I grew up in a fairly remote spot on the Muskoka River, in a small town about 250km North of Toronto. Living in a rural place where both parents had full time jobs, my brother and I had a lot of freedom as kids.
Our time after school was spent exploring the forest, mountain biking, or building jumps and hitting them on snowboards and GTs. We would sometimes document these adventures on our Hi8 camcorder or take photos with 35mm cameras. I think this is where I first got really into making videos, which is what I originally wanted to do for my career.
So much of my exposure to photography .. was just trial and error
I learned a lot of my technical photography knowledge in high school. Even though we were a small town, we were lucky to have two levels of photography (at that time it was black and white 35mm). We were given a lot of freedom for our projects, to just go out and take photos, and then develop them in the darkroom by ourselves. We would go to the local skatepark, learn some new tricks, and then take photos of us landing them. So much of my exposure to photography at that time was just trial and error; figuring out what worked best for me.
Probably because of where I grew up, I’ve always had an obsession with the water, whether it’s being in it, around it, or on it. One thing I dreamed of my entire teen life was being able to go surfing (which you definitely can’t do in Northern Ontario, Canada). My bedroom walls were filled with surf posters, and a mural of Waikiki beach in Hawaii (which I painted myself).

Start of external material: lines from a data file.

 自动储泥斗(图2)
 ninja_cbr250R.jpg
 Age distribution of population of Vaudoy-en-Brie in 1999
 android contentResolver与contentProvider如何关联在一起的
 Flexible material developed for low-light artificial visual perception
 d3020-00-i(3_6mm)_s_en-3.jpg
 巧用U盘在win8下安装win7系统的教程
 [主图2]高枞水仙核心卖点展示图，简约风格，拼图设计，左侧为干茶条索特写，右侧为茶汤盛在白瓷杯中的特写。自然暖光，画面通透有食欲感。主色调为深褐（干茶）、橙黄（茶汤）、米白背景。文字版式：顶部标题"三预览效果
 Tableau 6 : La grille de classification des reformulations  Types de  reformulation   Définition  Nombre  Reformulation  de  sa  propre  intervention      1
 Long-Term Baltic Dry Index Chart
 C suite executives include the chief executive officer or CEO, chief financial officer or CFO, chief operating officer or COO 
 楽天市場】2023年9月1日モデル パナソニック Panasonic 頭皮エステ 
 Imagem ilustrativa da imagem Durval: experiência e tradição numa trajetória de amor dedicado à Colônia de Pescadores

My formal design training really helps and influences my photography work.
When I eventually didn’t get into film school, I discovered a whole new creative field I’d never considered: graphic design. During my summers back home in Muskoka, I started doing graphic design and photography for a local marina. I actually got a lot of really good experience over those summers — I’m now a certified boat ad expert.
While we’d only ever studied photography briefly during my time in the graphic design program, I find that my formal design training really helps and influences my photography work: using minimal color palettes, minimal compositions, and paying close to attention to art direction. With both, you’re telling a visual story — the only thing that changes is how you execute it.
My first job after graduation taught me that I absolutely hate air conditioning, fluorescent lighting and concrete offices. I knew very quickly that corporate life was not for me, so after about 3 months I quit.
My first job after graduation taught me that I absolutely hate air conditioning, fluorescent lighting and concrete offices.
I happened to quit in November 2008, nearly the same week of the economic crash. People said I was crazy and that I wouldn’t be able to get a job again. My rent at the time was only $450, so my plan was just to pull that much in freelance work in order to get by.
A couple months into freelancing, I joined forces with my former business partner (a software engineer) David to form Pilot Interactive, which became a small design and development agency. I primarily did design work but would often shoot photography for clients so they had some original content for their websites.
I’ve always wanted to live in another city other than Toronto, so after running Pilot for 6 years, I decided to move to San Francisco to finally realize my teen surf dreams. I also started my business Good Day Hairshop that year. Since moving to the states, I’ve been able to focus on our setting up and running our ecommerce shop for our product line, while our shop manager Matt runs the Toronto storefront. We wanted to build up our American customer base, and being located here has been great for that. I go back every few months and help out when I can! I do wish I could be there more though, but I’m confident about my team and all of our talents across the board.
I could sit and watch this scene for hours.
I think it was moving to a new country with an entirely different landscape is what got me back into photography. Because I had more stable hours, as opposed to freelancing or running an agency, I had a lot more time to rediscover my “off time” and what I wanted to fill it with.
Since moving here, I’ve also started meeting up with strangers (models and photographers) from Instagram to shoot creative work. When you move to a new city with no friends, you’re more open to that kind of stuff — never discredit the power of the internet and the kindness of strangers.
I can still remember the first surf photo I took a couple years ago. I had hiked up to this spot above a really big break down in Pacifica and it was mind blowing how there were still surfers out in such powerful waves. It was nothing like the safe, sometimes-sleepy lake I left back in Muskoka, but I knew I’d ridden out my own fair share of waves to get that photo, too.
I could sit and watch this scene for hours.